Are there any ideas how to improve this piece of code to avoid GC problems?


Solution

  • I would guess the list would take about 44 bytes per object, or ~130Mb for 3m objects. This is a bit on the large side, but not incredibly so.

    Some suggestions:

    The list is well over the 87k limit for the small object heap (SOH), so it will be allocated on the large object heap (LOH). This is only collected in gen 2 and gen 2 collections can be expensive. To avoid this it is recommended to avoid de-allocation of gen2 objects as much as possible, i.e. allocate them once and then reuse them as much as possible.

    You could fetch the list from the database in smaller chunks and update the list in place. Make sure each chunk is within the limit of the SOH. You might consider either locking the list to ensure it is not accessed while updating, or keep two alternating lists where you update one and then switch the 'active' list.
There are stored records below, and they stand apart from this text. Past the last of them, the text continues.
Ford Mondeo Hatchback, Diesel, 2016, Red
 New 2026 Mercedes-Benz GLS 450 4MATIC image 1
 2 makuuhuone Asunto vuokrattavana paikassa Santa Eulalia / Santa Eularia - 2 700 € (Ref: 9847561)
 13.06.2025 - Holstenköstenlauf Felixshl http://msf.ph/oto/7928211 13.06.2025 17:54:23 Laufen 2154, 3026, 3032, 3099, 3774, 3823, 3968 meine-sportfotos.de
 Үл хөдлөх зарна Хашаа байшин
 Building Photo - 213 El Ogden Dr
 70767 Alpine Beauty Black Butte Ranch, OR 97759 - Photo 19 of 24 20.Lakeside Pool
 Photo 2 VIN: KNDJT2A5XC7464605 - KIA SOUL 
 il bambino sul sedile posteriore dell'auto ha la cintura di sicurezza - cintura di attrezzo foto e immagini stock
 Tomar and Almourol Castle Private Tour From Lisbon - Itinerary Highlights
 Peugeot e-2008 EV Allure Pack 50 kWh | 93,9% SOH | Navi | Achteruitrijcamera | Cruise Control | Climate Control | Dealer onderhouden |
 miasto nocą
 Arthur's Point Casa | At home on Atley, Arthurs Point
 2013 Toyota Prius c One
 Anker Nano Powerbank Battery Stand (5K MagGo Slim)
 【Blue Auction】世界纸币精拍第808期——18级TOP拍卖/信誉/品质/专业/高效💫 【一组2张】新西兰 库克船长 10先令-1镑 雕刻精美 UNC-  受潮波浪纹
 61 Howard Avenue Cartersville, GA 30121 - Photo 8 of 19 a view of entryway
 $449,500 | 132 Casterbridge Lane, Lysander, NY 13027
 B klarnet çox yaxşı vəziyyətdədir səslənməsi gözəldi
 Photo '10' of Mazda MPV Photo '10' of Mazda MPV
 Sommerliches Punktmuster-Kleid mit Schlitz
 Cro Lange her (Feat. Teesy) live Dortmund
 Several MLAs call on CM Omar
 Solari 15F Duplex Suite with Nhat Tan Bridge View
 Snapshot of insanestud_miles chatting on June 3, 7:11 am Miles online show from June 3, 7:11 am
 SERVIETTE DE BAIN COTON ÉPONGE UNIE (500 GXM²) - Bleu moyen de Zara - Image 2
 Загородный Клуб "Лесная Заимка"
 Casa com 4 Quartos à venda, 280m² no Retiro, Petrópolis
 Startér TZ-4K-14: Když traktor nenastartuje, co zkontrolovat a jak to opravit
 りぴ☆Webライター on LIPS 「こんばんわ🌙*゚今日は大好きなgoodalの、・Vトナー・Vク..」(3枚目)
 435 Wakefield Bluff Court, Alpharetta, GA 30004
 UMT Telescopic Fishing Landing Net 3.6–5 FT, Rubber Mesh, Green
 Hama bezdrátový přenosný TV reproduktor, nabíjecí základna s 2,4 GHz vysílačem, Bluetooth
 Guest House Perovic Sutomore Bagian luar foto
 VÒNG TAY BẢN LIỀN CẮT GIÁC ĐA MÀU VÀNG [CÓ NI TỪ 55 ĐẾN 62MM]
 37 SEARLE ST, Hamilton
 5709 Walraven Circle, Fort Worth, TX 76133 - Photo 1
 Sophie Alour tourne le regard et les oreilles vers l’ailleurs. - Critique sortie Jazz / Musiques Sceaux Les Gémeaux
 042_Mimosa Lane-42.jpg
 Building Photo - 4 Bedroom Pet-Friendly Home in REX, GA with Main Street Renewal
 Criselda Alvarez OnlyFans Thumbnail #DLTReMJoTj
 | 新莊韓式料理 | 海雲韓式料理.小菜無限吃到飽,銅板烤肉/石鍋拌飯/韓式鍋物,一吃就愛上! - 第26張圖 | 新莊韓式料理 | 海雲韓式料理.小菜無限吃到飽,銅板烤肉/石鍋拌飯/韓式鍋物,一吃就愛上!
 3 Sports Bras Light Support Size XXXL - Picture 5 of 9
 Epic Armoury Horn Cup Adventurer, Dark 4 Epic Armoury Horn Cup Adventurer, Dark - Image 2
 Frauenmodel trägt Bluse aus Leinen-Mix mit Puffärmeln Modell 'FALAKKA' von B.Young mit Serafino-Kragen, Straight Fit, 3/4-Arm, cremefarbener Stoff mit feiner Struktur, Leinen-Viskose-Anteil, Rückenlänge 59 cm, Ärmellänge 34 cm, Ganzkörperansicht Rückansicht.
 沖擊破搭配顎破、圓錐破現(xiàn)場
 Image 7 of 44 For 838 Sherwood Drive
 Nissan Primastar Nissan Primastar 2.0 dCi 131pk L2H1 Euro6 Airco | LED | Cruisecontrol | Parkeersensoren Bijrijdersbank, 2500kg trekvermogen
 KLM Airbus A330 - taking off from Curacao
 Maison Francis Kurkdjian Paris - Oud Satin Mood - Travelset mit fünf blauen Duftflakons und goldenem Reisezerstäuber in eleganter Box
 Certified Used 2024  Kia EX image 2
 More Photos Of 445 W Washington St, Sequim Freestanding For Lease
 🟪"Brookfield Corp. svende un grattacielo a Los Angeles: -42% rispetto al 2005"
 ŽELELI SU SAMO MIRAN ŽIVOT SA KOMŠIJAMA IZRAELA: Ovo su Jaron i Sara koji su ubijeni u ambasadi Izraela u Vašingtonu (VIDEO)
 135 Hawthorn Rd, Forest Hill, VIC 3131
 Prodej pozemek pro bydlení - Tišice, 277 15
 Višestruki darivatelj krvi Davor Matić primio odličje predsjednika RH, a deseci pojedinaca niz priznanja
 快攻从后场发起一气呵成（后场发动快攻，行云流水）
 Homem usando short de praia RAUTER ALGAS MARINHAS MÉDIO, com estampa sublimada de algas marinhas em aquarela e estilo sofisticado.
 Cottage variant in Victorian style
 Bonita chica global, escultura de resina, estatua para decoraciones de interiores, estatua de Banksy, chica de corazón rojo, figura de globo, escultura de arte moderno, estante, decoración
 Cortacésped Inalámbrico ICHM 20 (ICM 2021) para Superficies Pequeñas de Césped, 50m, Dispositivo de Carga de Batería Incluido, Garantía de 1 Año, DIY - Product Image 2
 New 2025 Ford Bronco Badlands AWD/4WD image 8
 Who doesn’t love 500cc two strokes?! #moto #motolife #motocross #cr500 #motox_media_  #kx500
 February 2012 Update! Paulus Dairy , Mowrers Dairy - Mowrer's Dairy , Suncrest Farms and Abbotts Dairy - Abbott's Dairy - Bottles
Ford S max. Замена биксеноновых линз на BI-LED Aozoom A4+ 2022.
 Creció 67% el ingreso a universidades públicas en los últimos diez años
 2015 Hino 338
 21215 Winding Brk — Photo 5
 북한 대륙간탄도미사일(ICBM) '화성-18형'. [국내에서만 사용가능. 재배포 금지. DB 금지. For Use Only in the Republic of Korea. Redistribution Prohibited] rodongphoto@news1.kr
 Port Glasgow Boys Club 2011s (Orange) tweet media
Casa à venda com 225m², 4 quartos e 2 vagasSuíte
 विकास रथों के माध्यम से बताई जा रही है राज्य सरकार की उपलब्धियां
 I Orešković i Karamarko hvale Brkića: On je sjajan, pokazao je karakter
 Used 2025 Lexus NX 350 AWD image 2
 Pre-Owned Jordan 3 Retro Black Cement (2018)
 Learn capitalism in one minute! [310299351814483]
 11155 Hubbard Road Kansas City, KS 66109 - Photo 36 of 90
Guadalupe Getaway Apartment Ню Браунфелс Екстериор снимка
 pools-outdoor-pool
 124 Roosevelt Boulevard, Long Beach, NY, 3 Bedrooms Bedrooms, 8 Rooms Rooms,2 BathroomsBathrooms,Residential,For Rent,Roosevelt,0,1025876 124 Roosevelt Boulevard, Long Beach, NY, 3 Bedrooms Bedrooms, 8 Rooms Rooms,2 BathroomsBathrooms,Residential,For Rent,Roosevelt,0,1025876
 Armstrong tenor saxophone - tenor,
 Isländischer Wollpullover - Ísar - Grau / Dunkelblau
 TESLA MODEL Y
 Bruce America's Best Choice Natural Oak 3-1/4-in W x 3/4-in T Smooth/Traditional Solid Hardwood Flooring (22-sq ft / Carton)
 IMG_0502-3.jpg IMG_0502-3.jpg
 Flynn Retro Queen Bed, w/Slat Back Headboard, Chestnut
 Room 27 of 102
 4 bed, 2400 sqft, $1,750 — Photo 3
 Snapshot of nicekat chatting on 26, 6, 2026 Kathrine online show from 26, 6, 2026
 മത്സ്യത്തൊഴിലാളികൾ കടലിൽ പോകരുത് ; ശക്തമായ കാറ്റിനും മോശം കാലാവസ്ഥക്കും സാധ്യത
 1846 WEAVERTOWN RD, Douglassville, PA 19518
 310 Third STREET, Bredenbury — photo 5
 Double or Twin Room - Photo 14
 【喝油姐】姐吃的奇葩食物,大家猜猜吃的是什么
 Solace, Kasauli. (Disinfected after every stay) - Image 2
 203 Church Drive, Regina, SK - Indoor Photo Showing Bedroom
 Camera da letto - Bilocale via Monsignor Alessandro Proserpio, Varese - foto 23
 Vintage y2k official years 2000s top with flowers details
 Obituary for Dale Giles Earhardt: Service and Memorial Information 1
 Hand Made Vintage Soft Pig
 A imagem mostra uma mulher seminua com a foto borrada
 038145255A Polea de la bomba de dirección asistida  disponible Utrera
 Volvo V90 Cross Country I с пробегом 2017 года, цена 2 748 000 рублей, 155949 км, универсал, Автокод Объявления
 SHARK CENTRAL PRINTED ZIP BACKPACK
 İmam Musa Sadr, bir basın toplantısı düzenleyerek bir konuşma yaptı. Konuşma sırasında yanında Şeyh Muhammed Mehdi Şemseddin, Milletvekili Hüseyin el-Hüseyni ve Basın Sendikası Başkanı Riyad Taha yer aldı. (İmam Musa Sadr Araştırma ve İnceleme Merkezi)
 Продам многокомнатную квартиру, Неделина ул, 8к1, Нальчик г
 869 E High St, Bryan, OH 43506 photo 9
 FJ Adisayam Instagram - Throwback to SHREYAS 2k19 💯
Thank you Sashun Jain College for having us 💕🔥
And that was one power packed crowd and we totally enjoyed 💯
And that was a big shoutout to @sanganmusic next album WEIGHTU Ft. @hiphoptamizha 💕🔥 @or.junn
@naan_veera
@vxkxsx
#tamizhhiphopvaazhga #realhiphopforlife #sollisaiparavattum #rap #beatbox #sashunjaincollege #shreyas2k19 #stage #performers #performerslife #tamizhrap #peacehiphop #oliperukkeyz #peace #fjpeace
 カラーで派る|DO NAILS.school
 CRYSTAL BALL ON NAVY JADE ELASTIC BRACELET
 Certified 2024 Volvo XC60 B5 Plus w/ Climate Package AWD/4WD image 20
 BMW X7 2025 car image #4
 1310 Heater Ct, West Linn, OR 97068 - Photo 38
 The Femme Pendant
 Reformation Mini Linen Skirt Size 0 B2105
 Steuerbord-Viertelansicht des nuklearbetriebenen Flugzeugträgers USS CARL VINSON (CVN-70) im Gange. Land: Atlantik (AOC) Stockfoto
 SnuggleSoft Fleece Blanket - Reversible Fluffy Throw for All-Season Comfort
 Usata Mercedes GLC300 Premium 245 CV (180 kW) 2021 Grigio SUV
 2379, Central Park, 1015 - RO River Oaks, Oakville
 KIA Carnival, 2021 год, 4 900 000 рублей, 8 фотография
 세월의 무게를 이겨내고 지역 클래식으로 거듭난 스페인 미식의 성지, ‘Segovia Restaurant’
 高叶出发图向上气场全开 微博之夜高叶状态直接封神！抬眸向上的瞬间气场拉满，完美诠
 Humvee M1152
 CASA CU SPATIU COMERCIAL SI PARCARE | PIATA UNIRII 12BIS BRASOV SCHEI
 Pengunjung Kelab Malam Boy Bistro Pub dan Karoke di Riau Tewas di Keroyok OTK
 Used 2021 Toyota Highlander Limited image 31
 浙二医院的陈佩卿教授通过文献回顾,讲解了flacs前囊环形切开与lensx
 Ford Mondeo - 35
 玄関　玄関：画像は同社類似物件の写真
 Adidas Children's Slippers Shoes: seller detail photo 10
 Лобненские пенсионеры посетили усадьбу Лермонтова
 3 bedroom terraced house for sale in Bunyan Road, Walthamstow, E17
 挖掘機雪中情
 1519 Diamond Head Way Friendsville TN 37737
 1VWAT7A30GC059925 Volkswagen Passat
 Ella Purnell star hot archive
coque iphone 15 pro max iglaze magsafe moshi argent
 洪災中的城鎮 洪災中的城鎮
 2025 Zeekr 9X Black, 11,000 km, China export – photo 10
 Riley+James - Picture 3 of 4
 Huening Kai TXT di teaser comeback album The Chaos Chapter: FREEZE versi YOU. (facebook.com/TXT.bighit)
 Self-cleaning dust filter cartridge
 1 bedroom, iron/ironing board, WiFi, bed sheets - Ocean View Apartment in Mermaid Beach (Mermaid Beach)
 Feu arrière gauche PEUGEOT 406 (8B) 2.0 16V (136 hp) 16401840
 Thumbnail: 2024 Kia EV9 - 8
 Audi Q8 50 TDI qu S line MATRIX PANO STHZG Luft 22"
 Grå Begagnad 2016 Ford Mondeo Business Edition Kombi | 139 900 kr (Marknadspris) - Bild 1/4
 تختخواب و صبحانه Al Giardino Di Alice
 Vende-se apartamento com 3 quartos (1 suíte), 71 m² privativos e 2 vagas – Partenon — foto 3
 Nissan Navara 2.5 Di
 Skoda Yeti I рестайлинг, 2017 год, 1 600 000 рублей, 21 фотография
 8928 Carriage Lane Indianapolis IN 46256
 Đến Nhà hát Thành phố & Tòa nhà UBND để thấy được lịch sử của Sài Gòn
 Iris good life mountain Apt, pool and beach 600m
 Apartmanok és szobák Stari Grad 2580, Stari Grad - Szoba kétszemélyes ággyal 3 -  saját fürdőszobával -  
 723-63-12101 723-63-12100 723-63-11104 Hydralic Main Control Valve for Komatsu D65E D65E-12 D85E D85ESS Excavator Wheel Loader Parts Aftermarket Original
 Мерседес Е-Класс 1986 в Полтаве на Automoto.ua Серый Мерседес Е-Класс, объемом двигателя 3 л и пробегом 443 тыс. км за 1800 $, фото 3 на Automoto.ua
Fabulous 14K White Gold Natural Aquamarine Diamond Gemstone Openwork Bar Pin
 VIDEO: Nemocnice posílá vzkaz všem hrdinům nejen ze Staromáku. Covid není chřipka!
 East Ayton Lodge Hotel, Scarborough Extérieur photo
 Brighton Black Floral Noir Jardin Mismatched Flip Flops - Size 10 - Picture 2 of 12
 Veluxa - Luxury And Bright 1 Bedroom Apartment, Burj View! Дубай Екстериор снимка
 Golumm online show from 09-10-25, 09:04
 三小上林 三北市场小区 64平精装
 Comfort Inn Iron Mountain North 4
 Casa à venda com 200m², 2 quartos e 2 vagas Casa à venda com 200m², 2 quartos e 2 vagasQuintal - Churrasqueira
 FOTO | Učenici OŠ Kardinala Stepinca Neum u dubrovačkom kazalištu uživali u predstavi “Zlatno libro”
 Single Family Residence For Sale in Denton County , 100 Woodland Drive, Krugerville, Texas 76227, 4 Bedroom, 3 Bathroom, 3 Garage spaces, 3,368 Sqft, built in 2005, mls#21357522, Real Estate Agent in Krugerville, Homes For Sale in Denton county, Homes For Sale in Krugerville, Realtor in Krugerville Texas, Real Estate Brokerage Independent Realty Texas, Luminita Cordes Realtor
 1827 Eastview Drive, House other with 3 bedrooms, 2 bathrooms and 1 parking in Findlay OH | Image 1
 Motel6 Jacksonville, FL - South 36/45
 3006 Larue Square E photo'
    You are using a class for the TagEngineCacheResponse, this will cause a great deal of objects to be allocated. While these are small enough to fit on the SOH, they may, if you are unlucky, survive long enough to be put on gen 2 heap. While GC time is not greatly affected by un-referenced objects, it might still be better to use a value type and avoid the problem. Profile to make sure it actually helps.